Changing Car Production
On Monday, I said we would begin to tackle the serious issues we are facing. I’m not going to write here about the benefits of hybrid cars. I’m going to take it as given that most of the Left Coast Voices readership believe in the threat of global warming and understand the environmental benefits of hybrid cars. If you disagree with me, feel free to state your case in the comments section. I plan to write about alternative energy at a later date.
What I want to ask is: if we already have the technology to create the hybrid car, then why are we still producing non-hybrid cars? While every other car in the Bay Area is a Prius, did you know that Porsche are producing a hybrid sports car? Also Jaguar are busy producing their own hybrid line, and both cars should be ready to coincide with my fiftieth birthday (to help this come true, please contact your local top fiction publisher or blockbuster movie company!).
The Chinese, I believe, use the same word to mean disaster and opportunity. With the collapse of the American car industry, there was an opportunity that was only partially grasped. The American public seemed willing to bail out the US car industry but insisted that it become relevant in today’s economy. I had the opportunity to hold this discussion with about a dozen patriotic, forward-thinking Americans, almost all of whom are loyal Toyota, Honda and Lexus drivers.
In restructuring the American car industry, why didn’t we insist that only cars with a minimum mpg be produced? Why not decide now that no car with a fuel consumption of less than 35 mpg will be made on American soil by 2013 – the technology is there, so why wait for a few more icebergs to melt?
Can we go further and not import cars that fail to adhere to such standards? Instead of fearing repercussions from our fellow business partners abroad, why not build consensus by bringing them on board to adopt the same standards? The country that manufactures Toyota, Honda and Lexus, fully understands what happens when the natural world goes out of sync.
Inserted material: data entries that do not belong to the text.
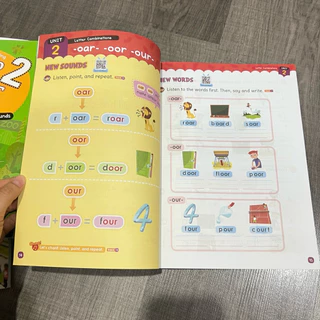 Phonics Sense 1-6 แบบเรียนสอน Phonics(โฟนิกส์)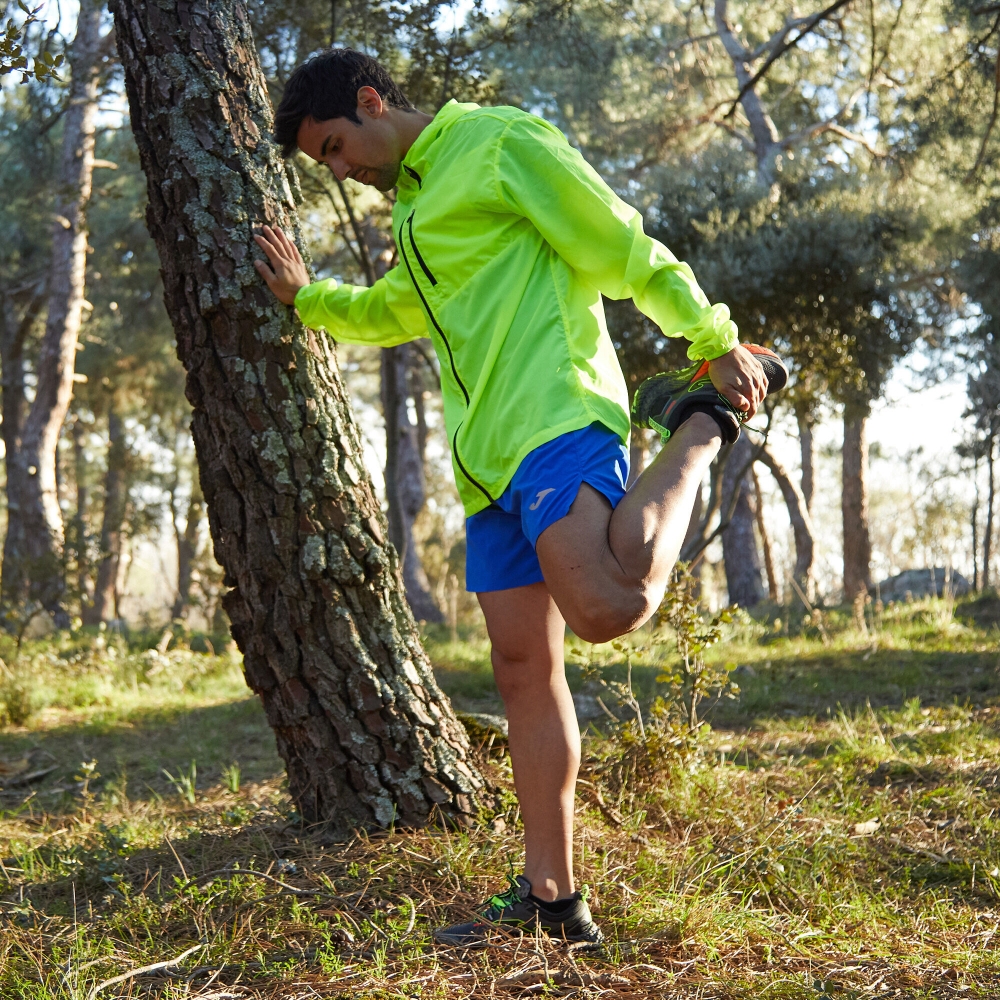 R-trail Nature Windbreaker Fluor Yellow Joma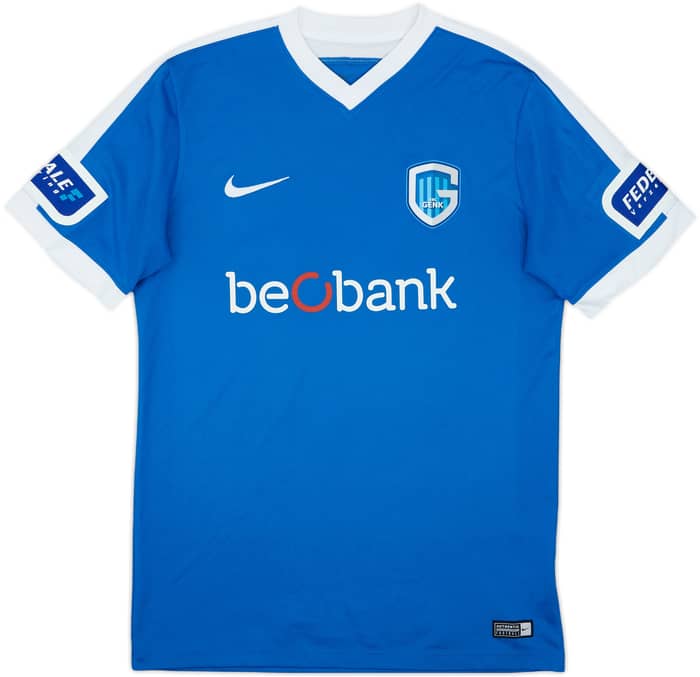 2017-18 KRC Genk Home Shirt Benson #29 - 9/10 - (M)
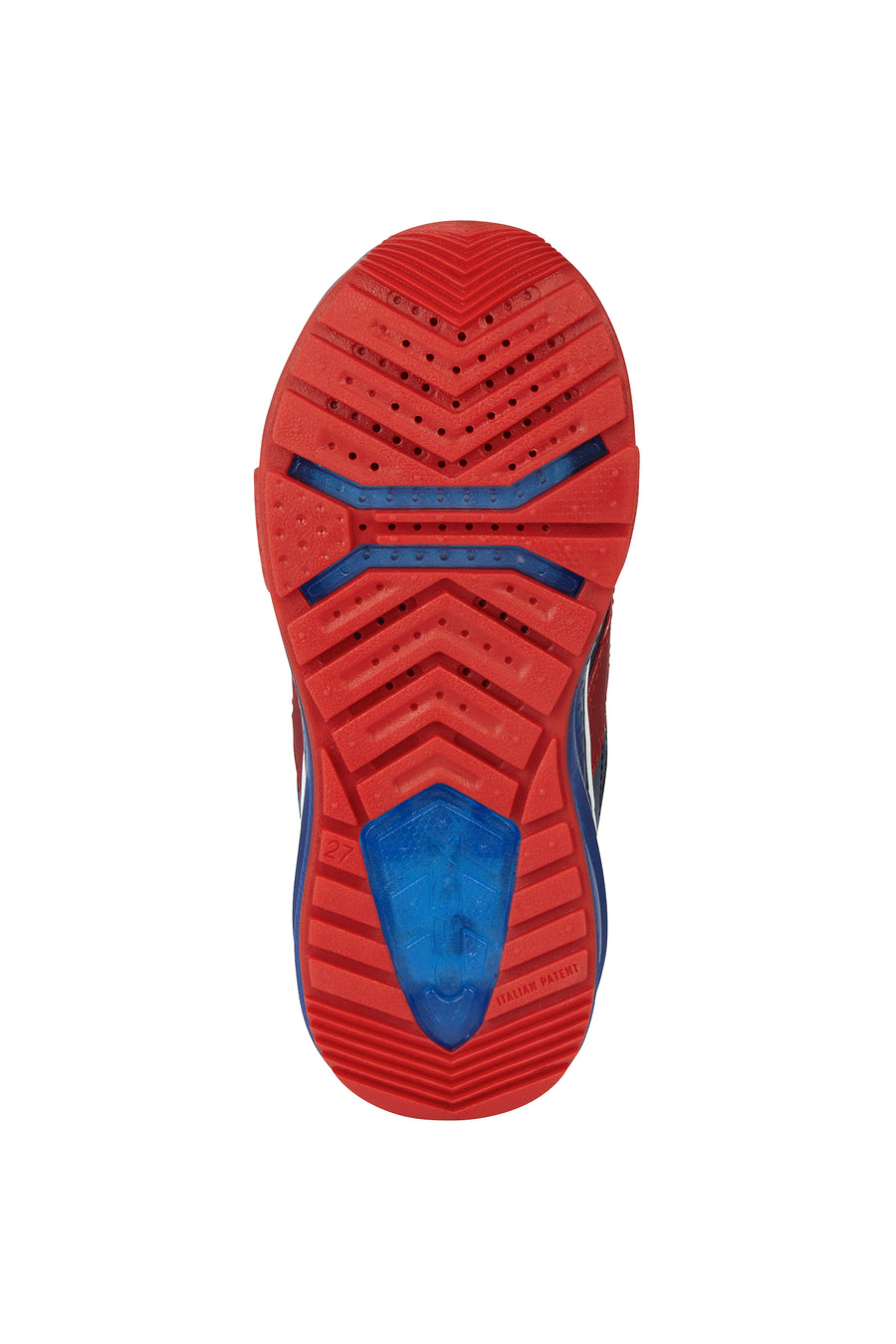 Geox Kids Trainers | Bayonyc Spiderman | Red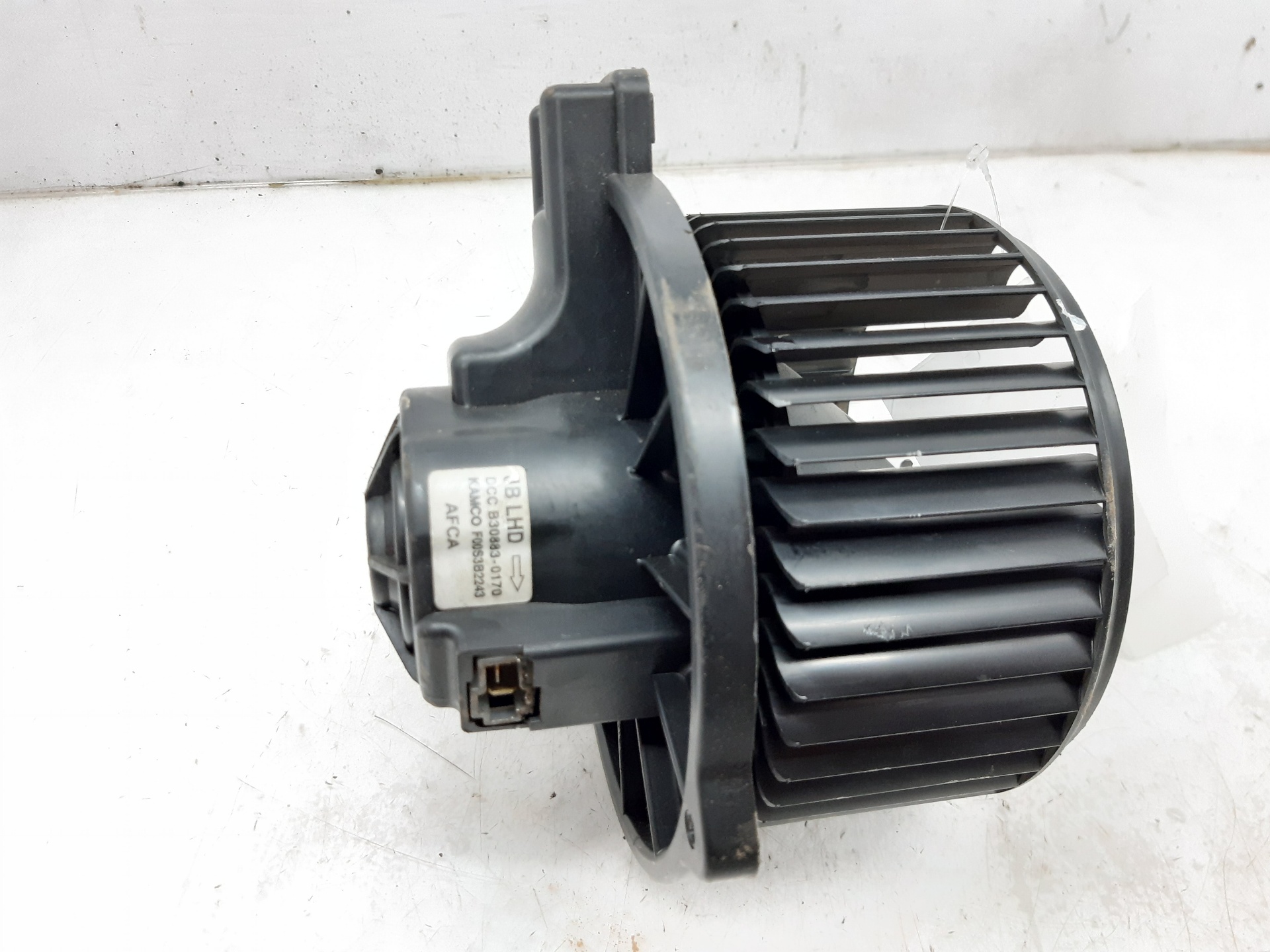 KIA Rio 2 generation (2005-2011) Heater Blower Fan F00S3B2243 20180316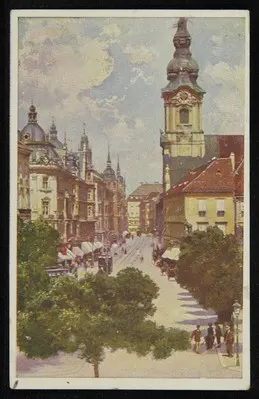 Graz, Herrengasse — تصویر رکورد یوروپیانا
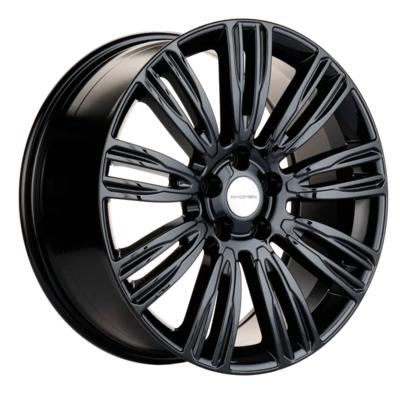 Khomen Wheels KHW2004 (SantaFe) 8,5x20 5x114,3 ET48 D67,1 Black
What’s holding us back from taking this simple, but bold step? We’ll discuss that on Friday.
Alon Shalev is the author of The Accidental Activist (now available on Kindle) and A Gardener’s Tale. He is the Executive Director of the San Francisco Hillel Foundation, a non-profit that provides spiritual and social justice opportunities to Jewish students in the Bay Area. More on Alon Shalev at http://www.alonshalev.com/and on Twitter (#alonshalevsf).
Alon, you’re basically talking about CAFE standards – corporate average fuel economy. These mandate that a companies average is a certain MPG – I think it went up to 30 this year. CAFE doesn’t say anything about using a certain technology, just MPG.
Of course, trucks are different and just plain old exceptions are granted sometimes. And the gains in CAFE have come like ground in a war – through huge opposition from corporations (car AND oil) and their money. And it does matter who is in the white house and congress as well.
What you’re talking about here is common sense. That’s not allowed except in smaaaaall doses in our government.
One of these days I’ll do a post on why oil companies WANT to hurry up and get to an oil shortage.
I’m looking forward to seeing that post. I would hazard a guess as to why the oil companies would want that, but I don’t want to spoil your post!
How about a Presidential candidate running a campaign: Common Sense, Yes We Can!?